Monday, April 08, 2013

Hale speaks to Native American leaders about youth drug abuse

Hale speaks to Native American leaders about youth drug abuse
PALA, Calif. Arizona Rep. Albert Hale, D-St. Michaels (District 7), shared stunning statistics on youth drug use with a crowd of Native American leaders and community members at the annual Native American Youth Forum on April 5 at the Pala Casino and Resort in Pala, California. 

This gathering is the first of its kind asking Native American leaders to focus on drug abuse in Indian Country. Leading the group with his call to action, Hale announced that native youth have the highest percentage of illicit drug abuse, which leads to other crimes and dysfunction in the community.

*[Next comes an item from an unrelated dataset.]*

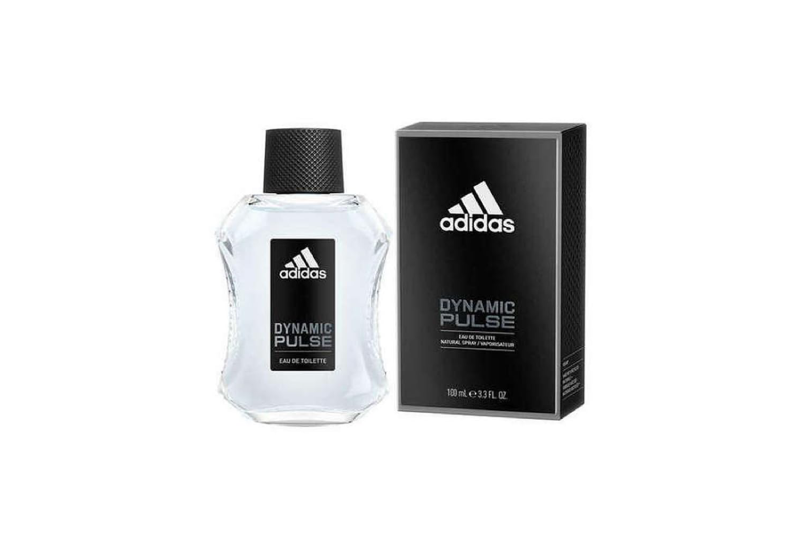 10 Rekomendasi Parfum Pria Tahan Lama dan Murah - OLX News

“I am deeply concerned about all the youth incarcerated in the federal system, 79 percent are Native American. This is unacceptable. We must act and do something to stop this now,” Hale said.   

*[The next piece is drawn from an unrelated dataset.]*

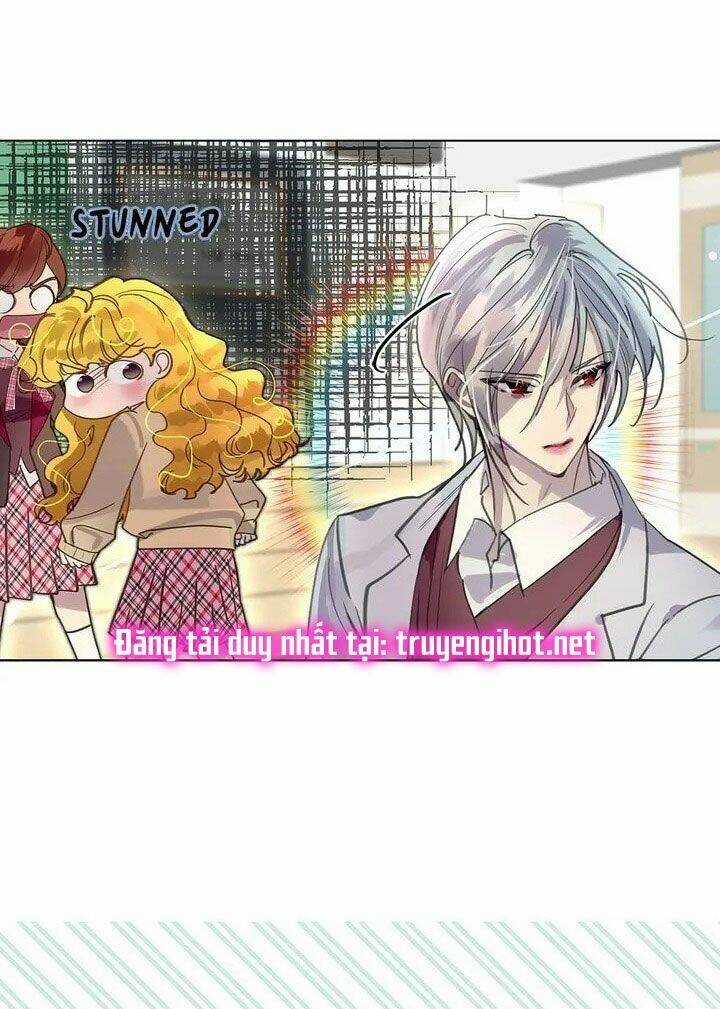 Tôi Không Phải Là Người Tốt Chapter 175 trang 42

“Our children deserve more.  They are not a promise in a campaign; they are our priority. We must include them in the conversation and show them that we love them and hold ourselves accountable for their future,” Hale said. 

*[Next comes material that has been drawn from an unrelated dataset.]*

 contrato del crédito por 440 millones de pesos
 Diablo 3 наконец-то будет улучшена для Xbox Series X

Hale addressed the challenges found in most Native lands such as high poverty, low employment, high dropout rates, and lack of infrastructure.

“When our kids come home after school, what is there for them to do? We don’t have youth centers, we don’t have basketball courts, we don’t have libraries – we have little to offer them.  So what do they turn to? They turn to drugs and gang activity. We know this. We are responsible to do something about it now,” Hale said.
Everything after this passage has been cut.